At the same time: USD 5.25 billion in debt.
In total: almost 15.7 billion USD raised since its creation.
Rumours at the end of 2025: a Series K aimed at a valuation in excess of 100 billion USD.
These massive financings testify to investors’ confidence in Databricks’ central role in AI and data.
Databricks boasts over 10,000 customers in various sectors (finance, industry, retail, healthcare, tech).
Notable examples:
London Stock Exchange Group (LSEG), strategic partnership to integrate AI into finance and risk analysis.
Deep integration with Microsoft Azure (Azure Databricks), enabling large enterprises to easily adopt its solutions in a secure environment.
Many Fortune 500 companies use Databricks for their data/IA projects.

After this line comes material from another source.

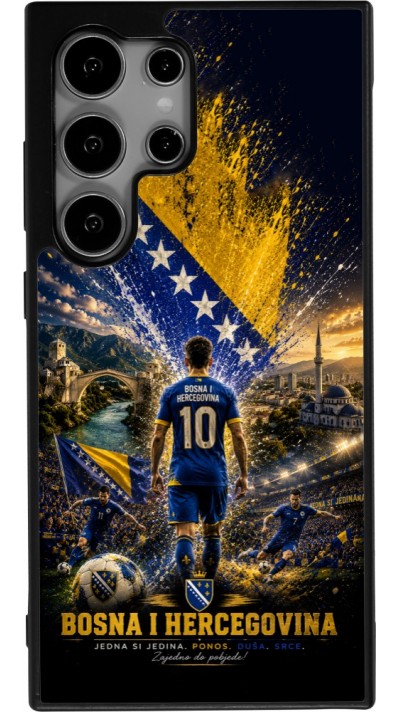 Coque Samsung Galaxy S24 Ultra - Silicone rigide noir Football Bosnie-Herzégovine splash 2026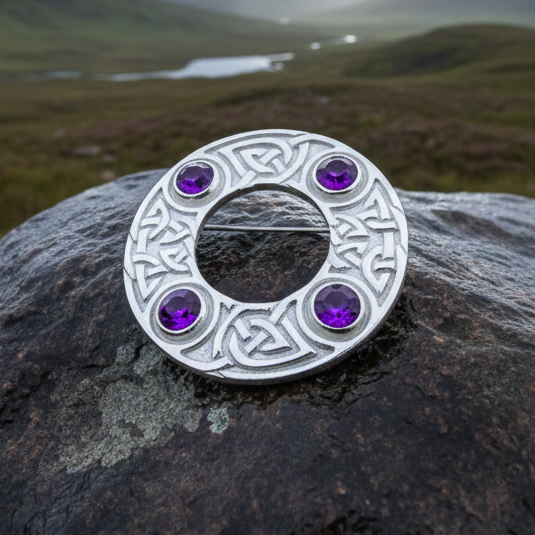 Crystal Celtic Knot Brooch - Handmade in Scotland | Brooch | Wiccan Center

Databricks has also invested in startups, such as Indicium in Latin America, to expand its geographical presence.
Competitive advantages :
Unified platform covering the entire data → AI chain.
Lakehouse architecture: flexibility and enhanced governance.
Recognized open source (Spark, Delta Lake, MLflow).
Continuous innovation: Agent Bricks, Lakehouse AI, etc.
Strategic partnerships with Microsoft Azure.
Compliance and sovereignty through tailored cloud options.
Differentiation:
Databricks is positioned as a hybrid solution:
Open, thanks to its open source contributions.
Differentiation, through premium proprietary modules.
In Europe, Azure Databricks also addresses the growing issue of data sovereignty.
Databricks embodies the market tension between open source and proprietary technology.
Open source models are on the advance, and their transparency is winning them over.
But companies often prefer hybrid solutions that offer both portability and premium support.
The rise of European (Mistral, LLaMA) and Chinese (DeepSeek) players is diversifying the competition against American giants such as Databricks, OpenAI and Google.
Finally, the move towards agentic platforms (such as Agent Bricks) shows the trend away from simple data processing towardsautonomous, actionable AI, where governance and scalability will be the keys to success.